I need to have a timer interrupt fire accurately every 92 usec. I’m using timer 4, and usually its accurate, but in some cases the timing stretches out to 125, 137, or even as high as 180 usec.
This results in sampling errors in my code and stops the system from functioning as expected.

The same sampling routine has been used successfully for about 15 years across various other microcontrollers (STM32, Pic18, Pic24, Pic32, nRF52840) with/without an RTOS.

I’ve tried lowering the FreeRTOS tick rate, and it gives a small improvement, but the sampled signal is up to 20 msec long and I can’t run the tick rate that low without the rest of the app breaking.

Has there been any more thoughts about migrating to FreeRTOS 10.3?

Right now I’m pretty much stuck and unable to progress to getting the product to market.

I wrote some code to drive an output high when vPortEnterCritical() is called and low when vPortExitCritical() is called.
Note I am not calling these from application code, so its only from FreeRTOS itself or the SDK.

It shows that the interrupts are disabled a lot. E.g. for a period of 4 msec, it was being disabled for about 86 usec and enabled for 2 usec, repeatedly (86 disabled, 2 enabled, 86 disabled etc for a total of 4 msec.)

There are periods of about 1 msec where it is not disabled, but not any longer.
It seems pretty clear to me that this is the cause of my issues.

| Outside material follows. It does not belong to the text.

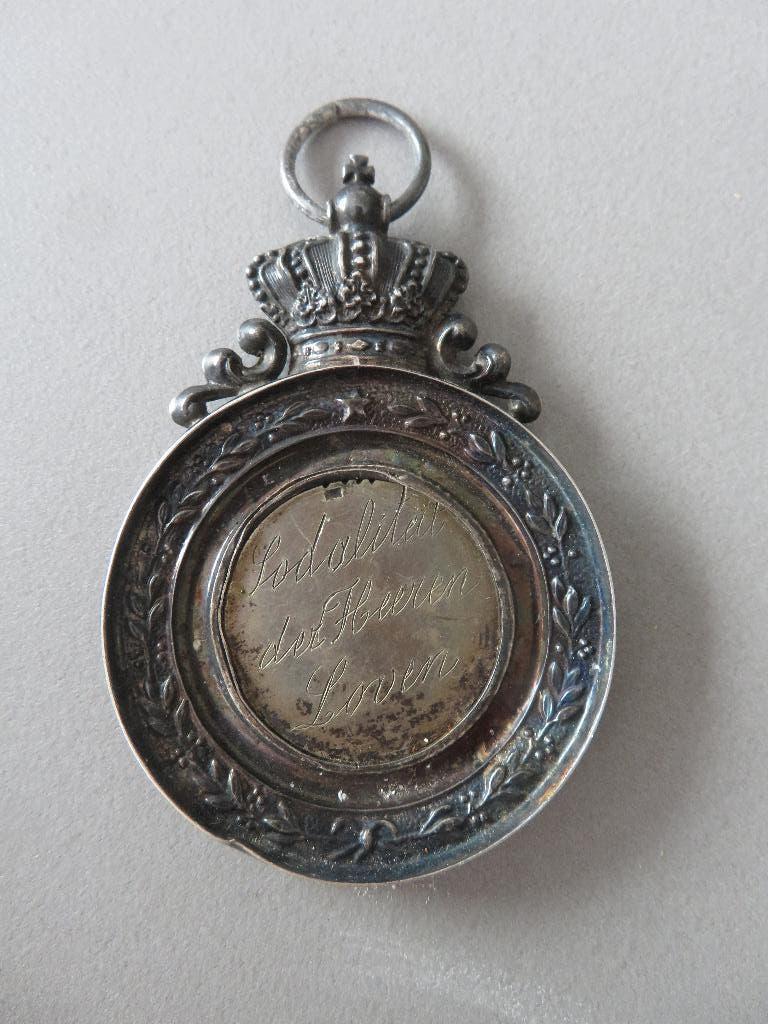medaille geestelijke genootschap Leuven Adams 1885-1910, Postzegels en Munten, Penningen en Medailles, Ophalen of Verzenden, Zilver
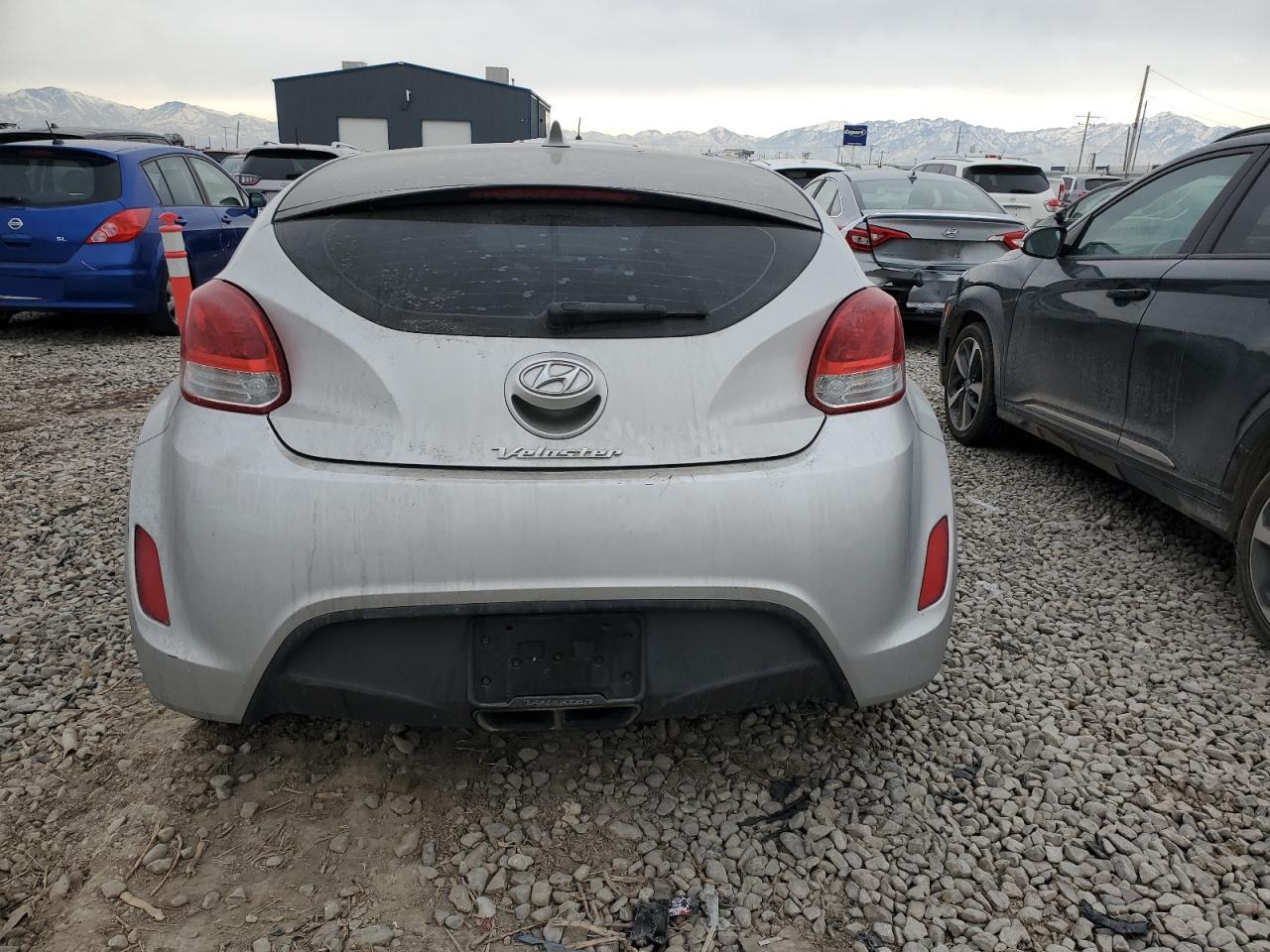 2012 Hyundai Veloster - Image 6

I have been trying again to change the FreeRTOS port.
Comparing the RTL8721 port with the standard M33 port, its basically the same.

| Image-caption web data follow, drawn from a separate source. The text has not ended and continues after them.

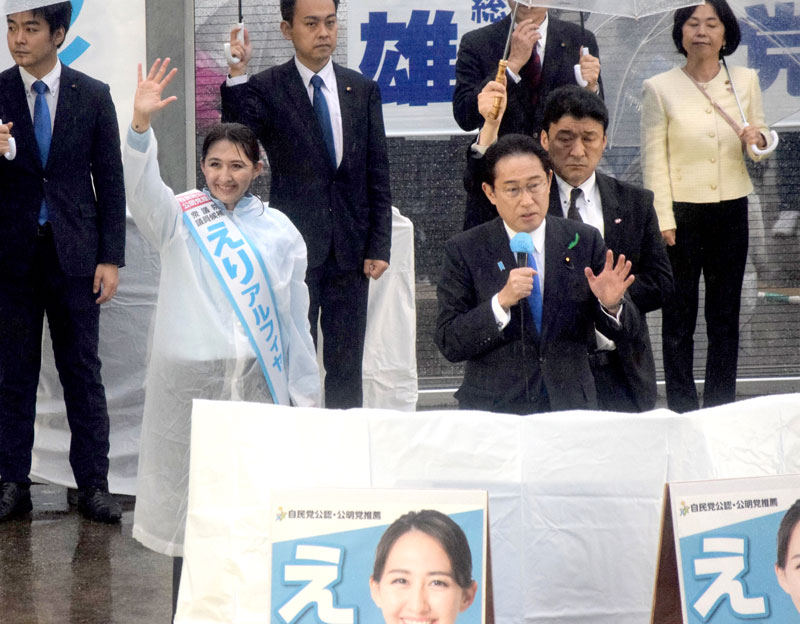 衆院千葉5区補選で自民の英利氏(前列左)の応援演説をする岸田首相(同右)=15日、新浦安駅前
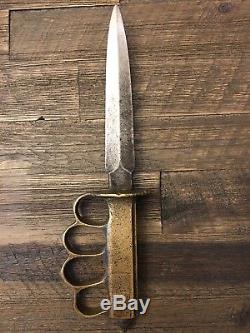 U. S. WWI 1918 Trench Knife Au Lion Blade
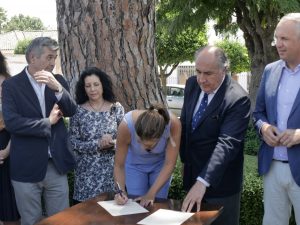 Fernández, firmando el manifiesto.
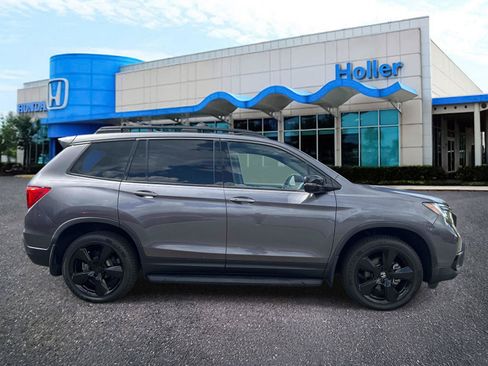 Used 2021 Honda Passport Elite image 2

I ported over the minimum code from FreeRTOS 10.3 port, to use configMAX_SYSCALL_INTERRUPT_PRIORITY set to the basepri register instead of global irq disable.

The app runs, but gets stuck at boot.
I call wifi_on() in my main thread, which gets stuck when it calls rltk_wlan_start().
This function never returns.

FreeRTOS is still running itself, processing the tick counter, but xNextTaskUnblockTime is 0xFFFFFFFF so it never attempts to swap to the next task.

rltk_wlan_start() seems to be closed source, so I can’t see why its hanging. The assembly code seems to show it gets as far as “netdev_open”

I must apologize here. I misdiagnosed this second issue.

The issue was not caused by interrupt disable, but was instead noise getting onto the sampled signal from a debug cable that was connected to the PCB.